The 150 teraflop machine will be shared among the three partners with access rights based on level of investment and managed through LLNL's High Performance Computing Innovation Center, LLNL officials said. HPCIC will offer access to Catalyst and the expected big data innovations it will provide as new options for its ongoing collaborations with U.S. companies and research institutions. Delivered to LLNL in late October, Catalyst is expected to be in limited use this month and general use by December.  

In addition to LLNL, Intel and Cray, Catalyst will support the HPC requirements of the three weapons laboratories that serve the National Nuclear Security Administration's  Advanced Simulation and Computing (ASC) Program at Livermore, Los Alamos and Sandia national labs. Officials said the supercomputer's architecture should provide insights into the technologies ASC could need over the next decade.

"The partnership between Intel, Cray and LLNL allows us to explore different approaches for utilizing large amounts of high performance non-volatile memory in HPC simulation and Big Data analytics,” Matt Leininger, deputy of Advanced Technology Projects for LLNL, said in the release.  Non-volatile memory is computer memory that can get back information even when the power is turned off.

The increased storage capacity of the system — in both volatile and non-volatile memory — is a step up from classic simulation-based computing architectures used at Energy Department laboratories, officials said. 

The storage advances will open new doors for exploring the potential of combining floating-point-focused capability with data analysis in one environment. Floating-point operations boost the speed and performance of computers performing large-scale mathematical calculations.

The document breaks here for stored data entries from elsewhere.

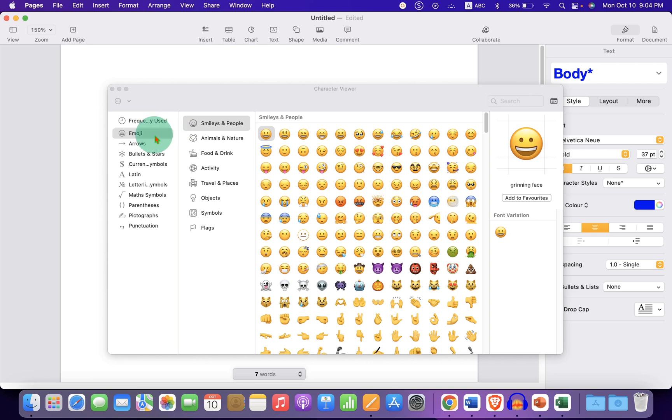You will see here the arrows option. Under this arrows option there are all types of arrows available.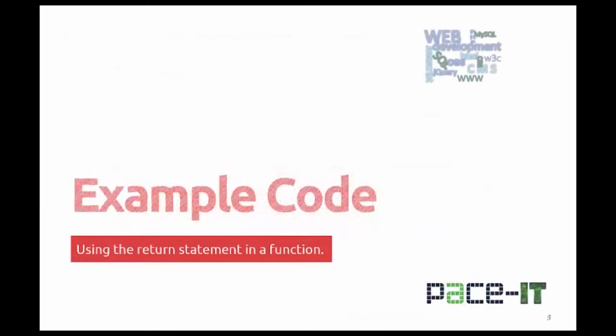The syntax for the return statement can't be any more straightforward. We'll look at that in just a second.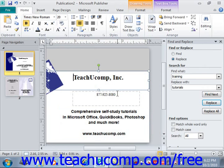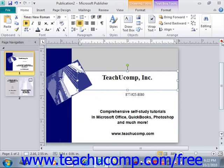You can click OK. And then to close out of Find and Replace, just click the X in the upper right-hand corner.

Catalyst should extend the range of possibilities for the processing, analysis and management of the larger and more complex data sets that many areas of business and science now confront, officials said.

What’s in it?

The Catalyst, a Cray CS300 cluster supercomputer with Intel technology, being deployed by Lawrence Livermore National Laboratories sports advanced features for high-performance computing and big data analytics, including:

  • 150 teraflop/s (trillion floating operations per second) capacity
  • 324 nodes, 7,776 cores
  • 12-core Intel E5-2695v2 processors
  • 128 GB of dynamic RAM per node
  • 800 GB of non-volatile memory per compute node
  • 3.2TB of non-volatile memory
  • National Nuclear Security Administration-funded Tri-lab Open Source Software for a common user environment across NNSA Tri-lab clusters
  • Improved cluster networking
  • An expanded node local non-volatile storage tier, for application check-pointing, visualization, out-of-core algorithms and big data analytics.

About the Author

Rutrell Yasin is is a freelance technology writer for GCN.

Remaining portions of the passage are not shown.